Gf Vip 7, Marco Bellavia parla per la prima volta del suo disagio vissuto all’interno della Casa
Il mental coach si è raccontato tra le pagine del settimanale Chi
Valeria Ottobre 11, 2022
Uscirà domani in edicola il nuovo numero del settimanale Chi che vedrà in copertina Marco Bellavia insieme al figlio di 15 anni.
Per la prima volta, in anteprima assoluta l’ex Vippone si è confidato e raccontato a cuore aperto. Ha parlato dei suoi demoni, delle sue ansie, della sua esperienza lavorativa e del suo passato. Prima di tutto ha iniziato raccontando del particolare legame con il figlio:
È stato il mio punto di riferimento in questo mio percorso di vita che è come un puzzle che ha il suo volto. Quando mi sono lasciato con sua mamma ho vissuto il fallimento e mi sono fatto delle domande. Mi sono detto: “A cosa serve la mia vita?”. E mi sono dato la risposta: “A crescere mio figlio”. Ho fatto cose belle, ho fatto un bel lavoro che la gente ricorda. Nel 2007 ho ricominciato a studiare e lo sto facendo di nuovo, proprio per rispondere alle domande di tutti.
Poi, Marco Bellavia ha parlato anche del suo disagio vissuto all’interno della Casa del Grande Fratello Vip:
Il mio punto debole nel lavoro è stata la sensibilità e io mi sono difeso sorridendo e cercando di mantenere un distacco, mi paravo dietro a questo muro per nascondere le mie debolezze. Ma poi, quando mi sentivo penalizzato o messo da parte, reagivo in modo aggressivo. A Mediaset, ai tempi, ho litigato con tutti, persino con i dirigenti: giocavamo a calcio insieme e a volte ci si scontrava durante le partite.
L’ex gieffino ha anche parlato di una delle sue grandi storie d’amore, quella con Paola Barale:
Lei lavorava a La ruota della fortuna, io a Bim bum bam. Eravamo belli. Dopo tre anni è finita perché eravamo giovani, dovevamo fare le nostre esperienze. Dicevano che mi avesse lasciato perché era diventata più famosa di me, ma non era così. Avremmo dovuto anche sposarci, io le ho regalato un anello e lei mi ha regalato una Harley-Davidson. Poi ha sposato Gianni Sperti.
Il mental coach in quegli anni ha fatto un balzo professionalmente:
In quegli anni per me era impossibile non montarsi la testa. Ho fatto disastri. Prima di Love me Licia non mi conosceva nessuno, dopo avevo 500 ragazzine sotto casa. Eravamo famosi come Eros Ramazzotti, come Gianni Morandi. Con i Bee Hive (il gruppo musicale del telefilm, ndr) riempivamo i palazzetti. Sono andato al concerto degli Spandau Ballet e, quando alcune ragazze mi hanno riconosciuto, è partito un boato: sono dovuti intervenire i poliziotti per portarmi al sicuro, è successo il finimondo.
Il settimanale Chi ha poi chiesto a Bellavia perché il disagio psichico sia ancora un tabù quando in realtà si parla tanto di inclusione, di bullismo, di body shaming, di disturbi alimentari, di orientamenti sessuali:
Sono tutte facce di un disagio che si è deciso di scomporre, ma il problema iniziale è sempre lo stesso: paure nascoste, mancanze, fragilità, insicurezze, scelte sbagliate. Il disagio, che sia sulla sessualità, sull’aspetto fisico, sulla percezione di sé, è lo stesso. Non c’è paura a dire “sto male”, è che la gente non ascolta perché stanno male tutti.

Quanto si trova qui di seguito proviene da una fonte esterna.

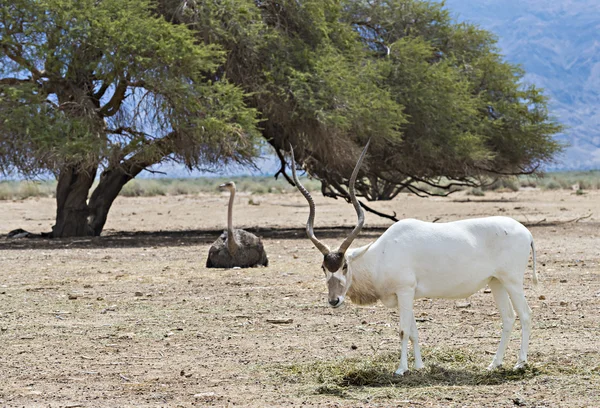 Gebogene gehörnte Antilopen Addax (Addax Nasomaculatus) ist ein wild native Bewohner der Wüste Sahara — Stockfoto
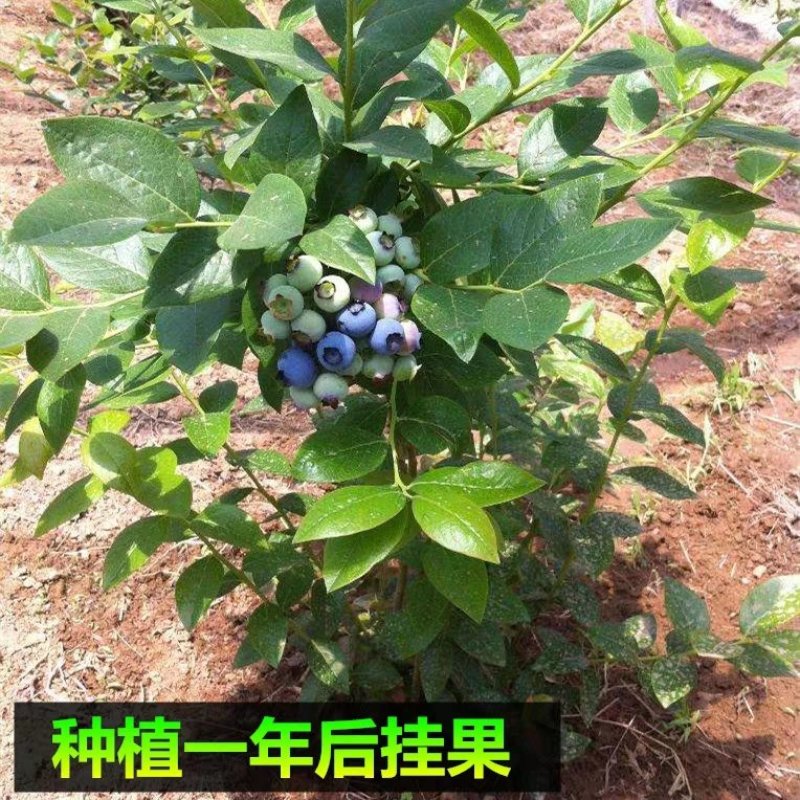 蓝莓树苗庭院种子室内四季盆栽南北方种植当年结果盆栽地栽蓝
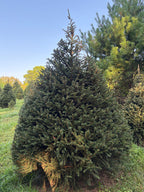 9' 4" Choose and Cut Norway Spruce, 76" Base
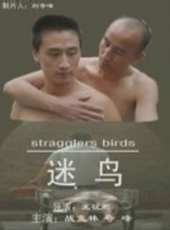 最新2012文藝電影_2012文藝電影大全/排行榜_好看的電影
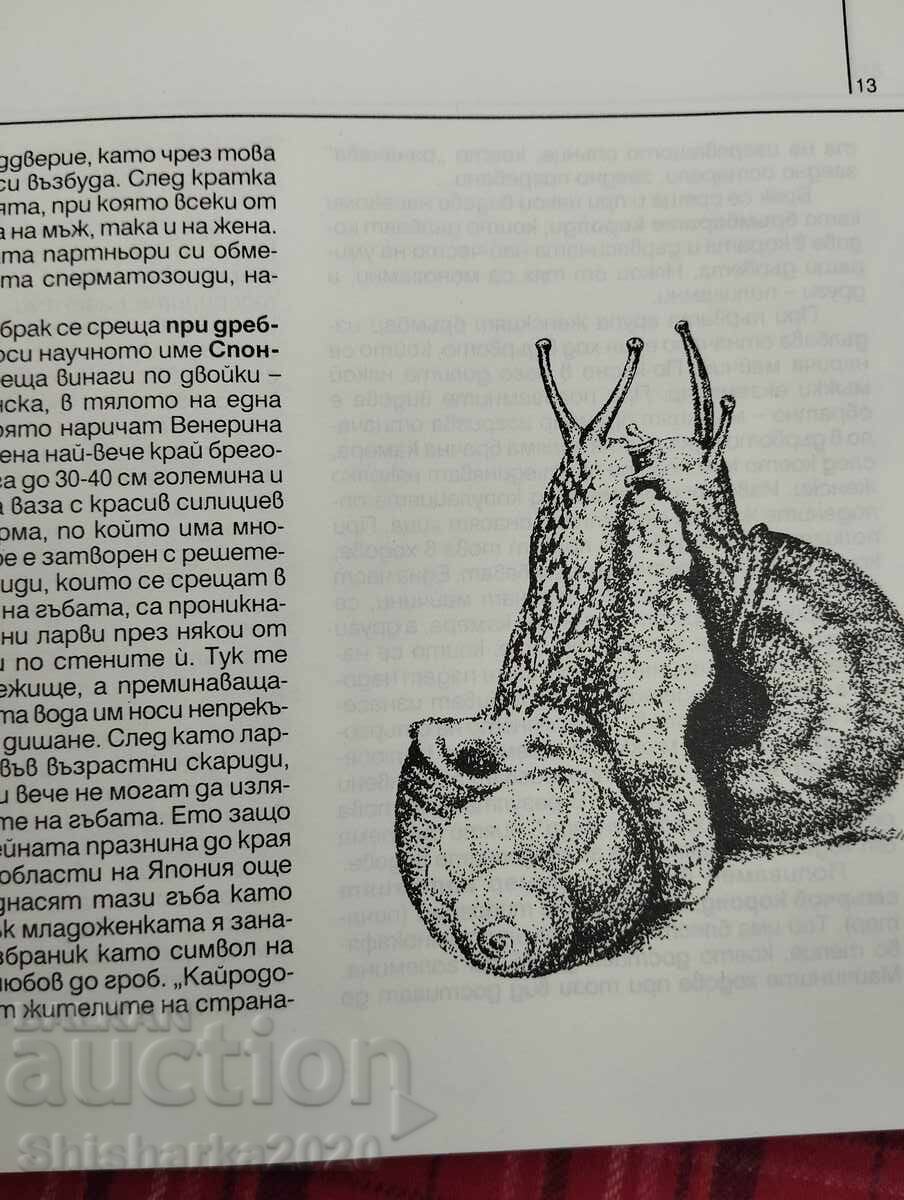 Δημοπρασία Έρωτας, γάμος και ζήλια στον ζωικό κόσμο Δημοπρασία Έρωτας, γάμος και ζήλια στον ζωικό κόσμο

Dopo il Covid, la guerra, il pericolo atomico, come si fa a restare sereni? Siamo terrorizzati, quante sono le persone equilibrate? Come diceva Signorini in tv citando Carl Jung: “Mostratemi un individuo sano di mente e lo curerò per voi”. La gente ti isola quando non puoi esserle d’aiuto.
Infine, Marco Bellavia ha così concluso la sua lunga intervista:
Spero che la mia storia sia d’esempio. La gente mi ferma parlando dei propri dolori. Se ti dicessi che sono entrato nella Casa sperando che potesse venire fuori questo problema ci crederesti? Ma non ho deciso di stare male: ho provato disagio e ho vissuto davvero quello che avrei voluto solo raccontare rispetto al mio passato.